The idea is to segment one slice of a continuous input signal into (overlapping)
segments, do some preprocessing, and stack the resulting processed segments over one-another to
obtain a two-dimensional frame. On these frames the same principles are used as for ”real”
images when it comes to machine learning.

# Download the "Hey Snips" dataset
For this exercise we are going to use the ”Hey Snips” dataset from Couke et al. 2018 ”Efficient
keyword spotting using dilated convolutions and gating”. The train dataset consists of utterances
from 30 speakers, the test dataset consists of utterances from 10 speakers. The length of each
utterance ranges between about 3 and 9 seconds, the data is labeled 1 if the sentence ”Hey Snips!”
was uttered and 0 if not.

Please visit the [Dataset Repository](https://github.com/sonos/keyword-spotting-research-datasets) and fill out the form to proceed with the dataset download. It is roughly 8.4GB.

In [None]:
import json, random
import numpy as np
from scipy.io import wavfile
import tensorflow as tf
from tqdm import tqdm
import os
import zipfile, tempfile
import simpleaudio as sa

DataSetPath = "hey_snips_research_6k_en_train_eval_clean_ter/"
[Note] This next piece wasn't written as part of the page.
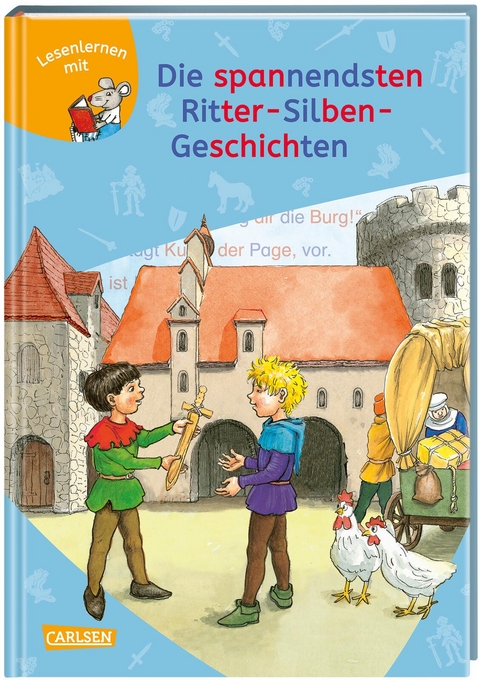 LESEMAUS zum Lesenlernen Sammelb&auml;nde: Die spannendsten Ritter-Silben-Geschichten - Manuela Mechtel, Ursel Scheffler, Christa Holtei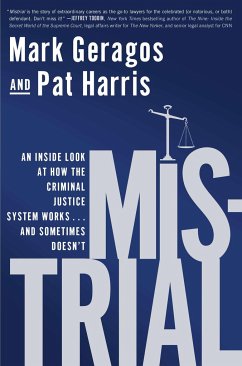 Mistrial: An Inside Look at How the Criminal Justice System Works...and Sometimes Doesn't - Geragos, Mark; Harris, Pat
with open(DataSetPath+"train.json") as jsonfile:
    traindata = json.load(jsonfile)

with open(DataSetPath+"test.json") as jsonfile:
    testdata = json.load(jsonfile)

# Load data 
Here we load the data from the "hey_snips" dataset and extract the MFCC features from it. 

This is an example of how a data sample looks like.
Information from the [Dataset Repository](https://github.com/sonos/keyword-spotting-research-datasets).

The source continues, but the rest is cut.